I’ve used CLI to batch-generate outlines. I keep a spreadsheet of article ideas, and I can feed that list to CLI and have it create starter drafts for multiple posts at once.

The quality is pretty terrible but it’s a good starting point that ensures all the main semantic entities are covered.

Plus, I hate staring at blank pages, and the basis for all of my content-focused notes are all original ideas and musings I’ve logged about things.

One of the most practical uses I’ve found is automating file management.

I asked Gemini CLI to write a Python script that renames my image files based on a consistent naming convention.

It wrote the script, I ran it, and it cleaned up hundreds of files in seconds. I’m not a developer, but CLI makes this kind of task accessible.

I Built Custom Workflows For Repetitive Tasks

Once I understood how MCP worked, I started building small custom workflows for tasks I do repeatedly. I created a routine that watches my “Ready to Publish” folder in my content repo.

When I drop a finished markdown file there, CLI reads it, converts it to WordPress-ready HTML, uploads it as a draft, and sends me a notification with a link to review.

I set this up using a simple bash script that calls CLI, and it runs whenever I need it.

I built another workflow for syncing my newsletter archive. After I send a newsletter through my email platform, I save the text as a markdown file. It picks it up, formats it, and adds it to a Notion database where I track all past newsletters.

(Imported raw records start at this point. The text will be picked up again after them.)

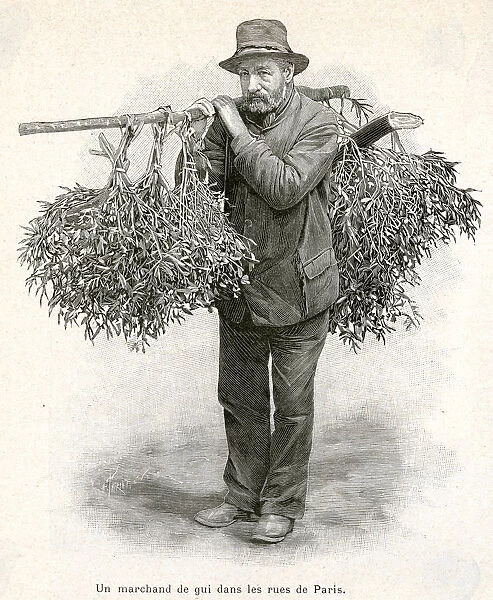 Selling mistletoe in streets 1894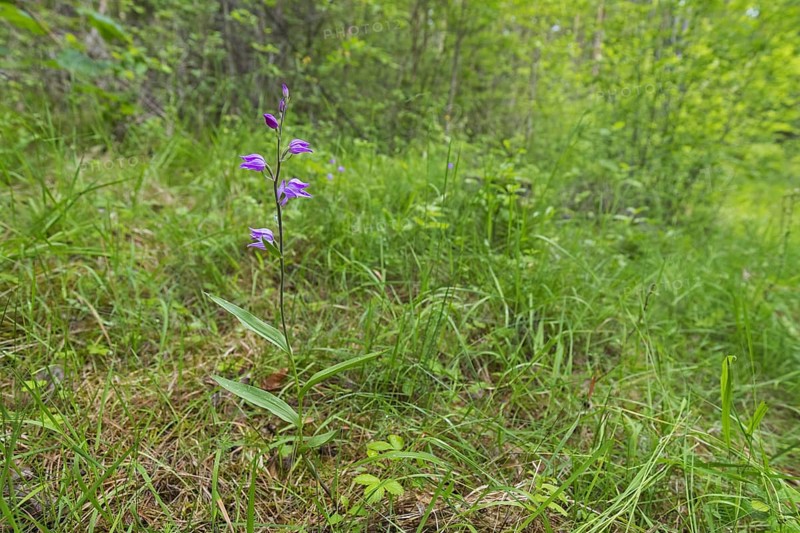 Red helleborine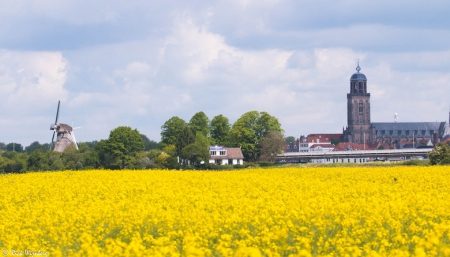 Bolswerksweide op loopafstand van de Deventer Buitensociëteit & Bowling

This keeps my archive organized without manual data entry.

What I’ve Learned About Using CLI As A Creator

This setup required some upfront effort. I spent a few hours installing CLI, linking my Google account, configuring MCP connections to Notion and WordPress, and writing a few custom scripts.

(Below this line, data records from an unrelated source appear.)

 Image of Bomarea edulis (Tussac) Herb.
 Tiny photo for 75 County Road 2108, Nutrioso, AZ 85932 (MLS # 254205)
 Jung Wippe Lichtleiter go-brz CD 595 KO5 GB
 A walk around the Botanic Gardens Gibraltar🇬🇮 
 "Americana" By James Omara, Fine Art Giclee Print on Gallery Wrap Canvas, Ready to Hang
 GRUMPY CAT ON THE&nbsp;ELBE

But once that was done, the daily time savings have been significant. I estimate I’m saving at least two hours per day on tasks that used to be manual.

I also use Claude too; it is currently the industry-standard for this kind of thing. But it is hella expensive, whereas Gemini has a very generous free tier (you can do most of everything I’ve talked about in this post without paying a penny to Google).

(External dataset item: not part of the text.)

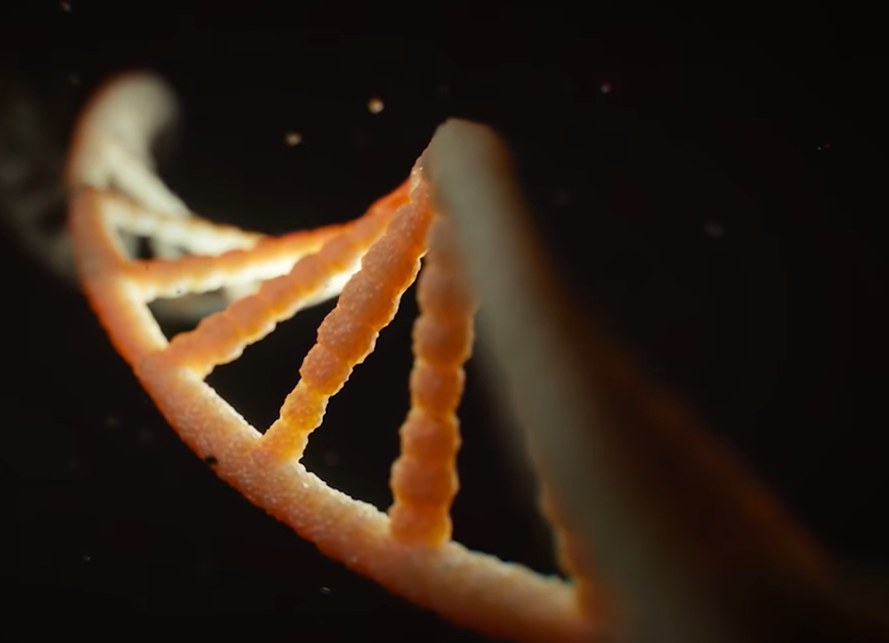 RNA and DNA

I’ve also learned that Gemini (like all LLMs) works best when you give it clear, specific instructions.

Vague requests like “improve this content” produce generic results. But if I say “read this draft, tighten the intro, remove passive voice, and format it for WordPress,” the output is accurate and useful.

Always lead with original ideas or your own spin on something; the days of cookie-cutter content are gone.

Keep it personal and to the point and use Gemini to tighten things up, spot any holes or gaps in your logic.

I’m not using Gemini for everything. I still write, edit, and make final creative decisions manually. And Claude is currently my number one right now. But Gemini is definitely a close second; it runs rings around ChatGPT.

If you do a lot of file management, content formatting, API interactions, and workflow automation, Gemini and Gemini CLI is well worth checking out. You can do a lot of cool stuff without ever paying any money, so it’s well worth the time investment.